I was recently introduced to Courtney Pepernell’s works through Instagram and I requested her two poetry books that will be released later this year from Andrew McMeel Publishing: Pillow Thoughts and The Road Between—both collections will be released on August 29. Courtney Peppernell is an LGBTQ author from Sydney, Australia focusing on Young Adult novels and Poetry Collections. Keeping Long Island is her third title release, and the first under her new book brand, Pepper Books. Pepper Books is a publishing house that has just been started this year and will focus on Poetry and LGBT communities.

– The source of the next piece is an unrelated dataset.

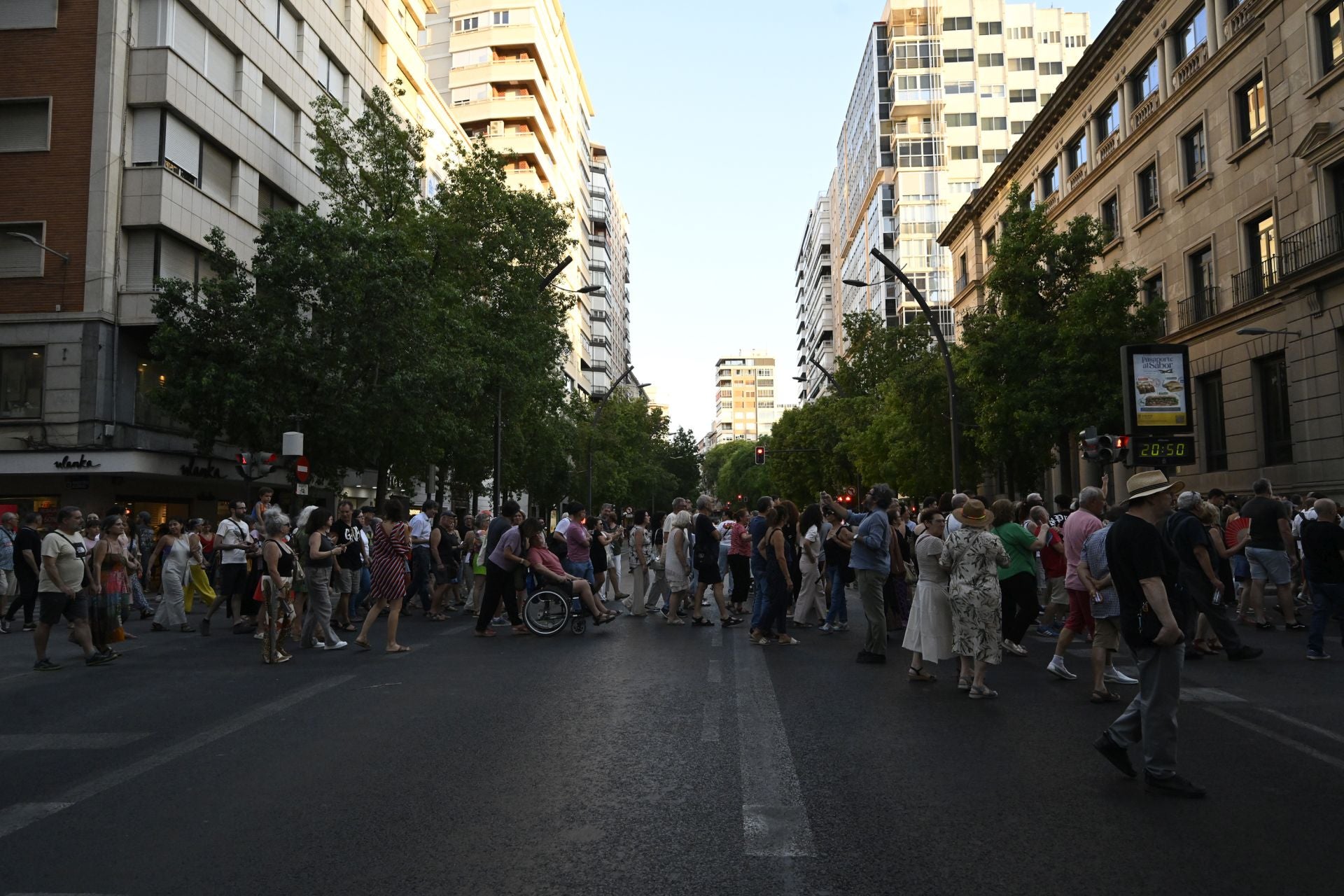 En imágenes, la protesta contra el racismo celebrada en Murcia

This collection was first self-published on October 4th, 2016 and has recently been picked up by Andrew McMeel. Pillow Thoughts is about love. It sort of took me by surprise when I noticed that it rhymes in a ‘fun Dr. Seuss’ kind of way but the subject matter itself is deep and honest. If I had to compare I would say it’s a combination of John Keats and Dr. Seuss. It sets up this sort of innocent, whimsical-humour-seriousness from the beginning with this poem:
Before we begin, I’d like to share a story.
Once upon a time there was a jellyfish. We’ll call it
You became lost sometimes
You could be a little unsure
You tried very hard.
But sometimes it didn’t feel like enough.

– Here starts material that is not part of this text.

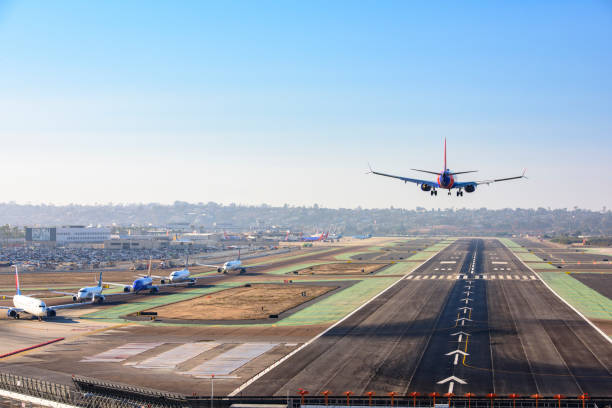 vista aérea del aeropuerto internacional de san diego - runway airplane landing landing light fotografías e imágenes de stock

I hate to spoil the ending
But you is fine
You is still here.
You is going to make it.
The references to “you is” as a trending internet meme-culture joke is preceeded by a quotation from the Chainsmokers. This lightness of “the here and now” touched with recognizable references makes Peppernell very relatable and accessible as a young emerging poet.
Throughout her collection these references occur. Peppernell places before us lines and images we’ve seen repeatedly on online forums. For instance, she alludes to the famously known Albert Camus quotation changing it slightly:
“you promised you’d never take a road that I could not follow”
The poems in this collection go through love, heartbreak, and the various kinds of dynamics that exist in a relationship between young people. Based on the language used and the style of choice I think this book is ideal for preteens and teenagers. At its core this collection has a message which to me is: you will experience all this and you will hit some serious downfalls, however you will be okay. Everything will be okay in the end.
The Road Between
This collection is exploring growth, mapping the metaphorical geographical spaces in one’s life. I.e. the caves you hide in when you are afraid.
I enjoyed this collection more than the one mentioned above because it deals with various aspects of one’s life where love is a part of it rather than its center.
This collection is also filled with proverb-like sentences like:
“you are not defined by the stage you are at in life. Just because you are unsure of where you are heading doesn’t mean you don’t know who you are inside.”
I read some reviews of Pillow Talk shaming Peppernell’s use of language and simplicity. I think we need to look at poems like Peppernell’s as: us the readers getting a glimpse into an individual’s growth and healing journey. Peppernell uses poetry as a way to understand herself growing up different. There are many “in the closet” references throughout her poetry, or hiding in a cave for comfort. I think it was more important for Peppernell to write this collection than it is for us to read it and/or judge it. As a reader and poetry lover I find it difficult to review things that are so personal. I wish Peppenell did more with the language, and played around with the structure. I also think some poems shouldn’t have been incorporated in the collection as they distract from the whole. However, I am happy these collections exist and I’m very excited to see what Peppernell will release in her newly created LGBT-focused poetry publishing house. Overall I enjoyed The Road Between more than Pillow Thoughts and both strongly reminded me of Rupi Kaur’s Milk and Honey, so if you enjoyed that collection perhaps give Peppernell a try.
Again if I were to recommend this to readers I would direct this to a younger audience perhaps ages 12-16.